• EXERCISE OBJECTIVE
For the records that follow, please set down exactly the lines between the one holding "Hello kids. Today" and the one holding "Robert DeMarinis is", inclusive, and only those.

*** MATERIAL FOR THE TASK Section Begins ***

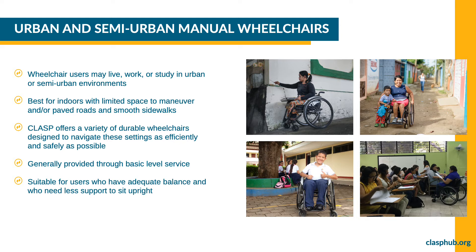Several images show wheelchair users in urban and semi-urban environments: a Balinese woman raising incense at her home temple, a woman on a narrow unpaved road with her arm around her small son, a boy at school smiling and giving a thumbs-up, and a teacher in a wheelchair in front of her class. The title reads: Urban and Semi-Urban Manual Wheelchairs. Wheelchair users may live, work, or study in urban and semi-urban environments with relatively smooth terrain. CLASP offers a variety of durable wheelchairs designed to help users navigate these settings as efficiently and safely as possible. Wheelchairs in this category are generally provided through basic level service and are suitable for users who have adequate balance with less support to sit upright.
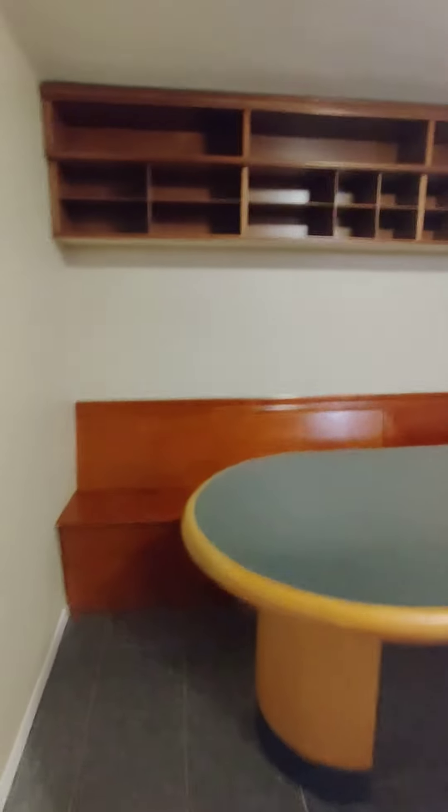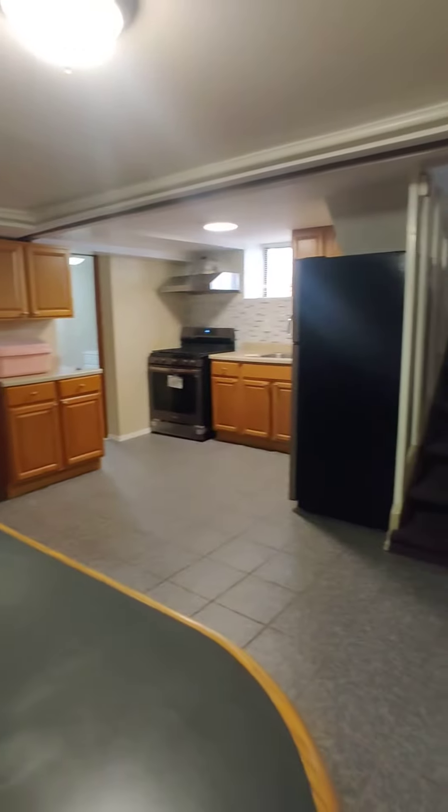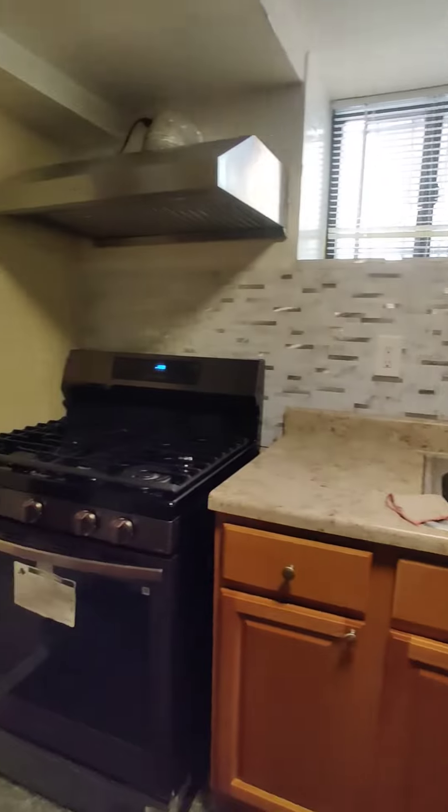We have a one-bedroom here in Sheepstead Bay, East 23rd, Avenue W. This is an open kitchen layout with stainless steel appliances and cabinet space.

*** MATERIAL FOR THE TASK Section Ends ***
*** MATERIAL FOR THE TASK Section Begins ***

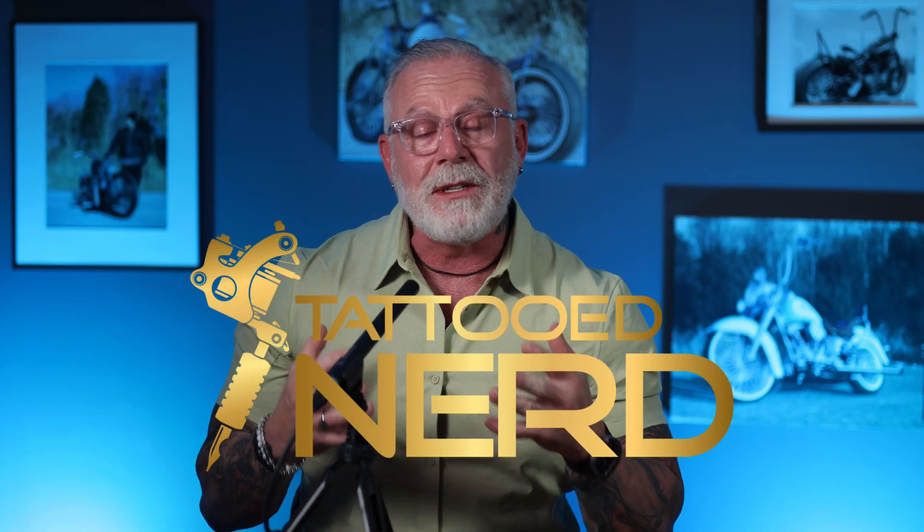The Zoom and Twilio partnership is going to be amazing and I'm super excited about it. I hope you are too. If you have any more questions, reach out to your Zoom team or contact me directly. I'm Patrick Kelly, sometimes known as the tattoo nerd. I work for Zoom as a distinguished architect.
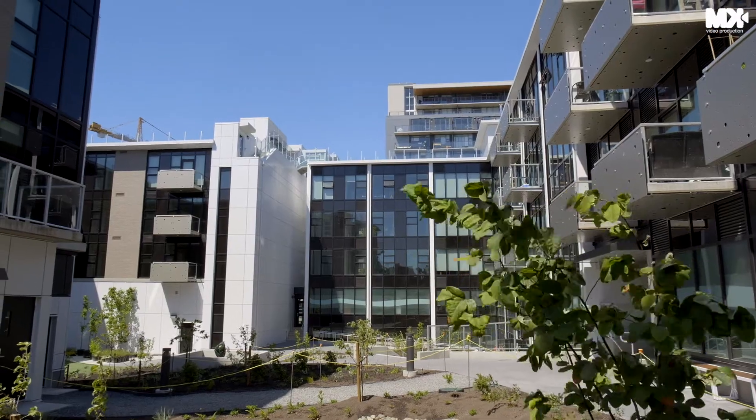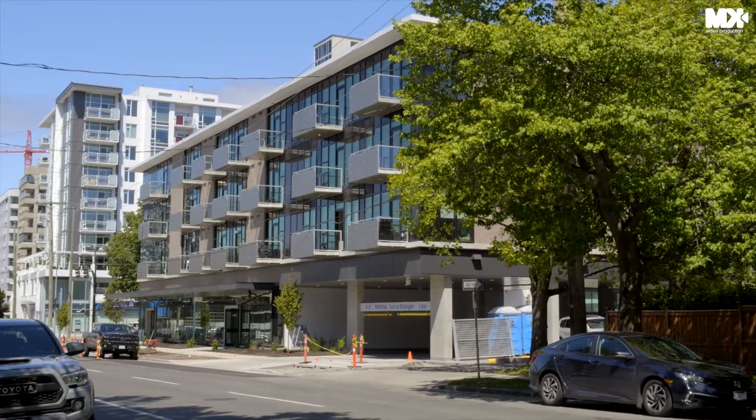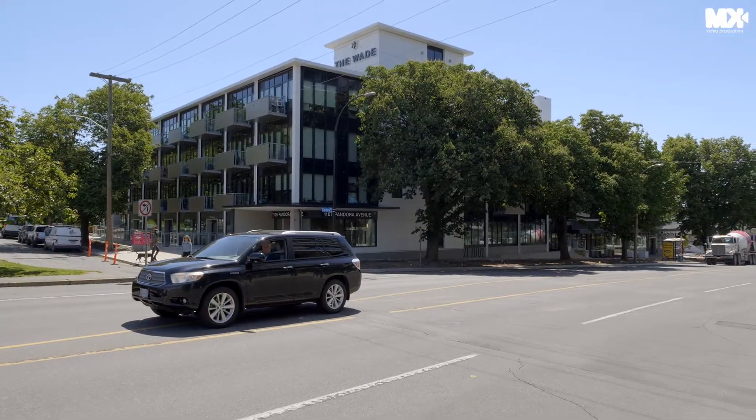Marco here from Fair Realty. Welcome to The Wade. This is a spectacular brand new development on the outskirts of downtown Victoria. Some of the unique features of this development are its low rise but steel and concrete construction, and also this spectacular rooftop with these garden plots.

*** MATERIAL FOR THE TASK Section Ends ***
*** MATERIAL FOR THE TASK Section Begins ***

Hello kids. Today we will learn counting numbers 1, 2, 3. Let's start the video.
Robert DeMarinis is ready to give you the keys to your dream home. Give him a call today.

*** MATERIAL FOR THE TASK Section Ends ***

• EXERCISE RESPONSE
Hello kids. Today we will learn counting numbers 1, 2, 3. Let's start the video.
Robert DeMarinis is ready to give you the keys to your dream home. Give him a call today.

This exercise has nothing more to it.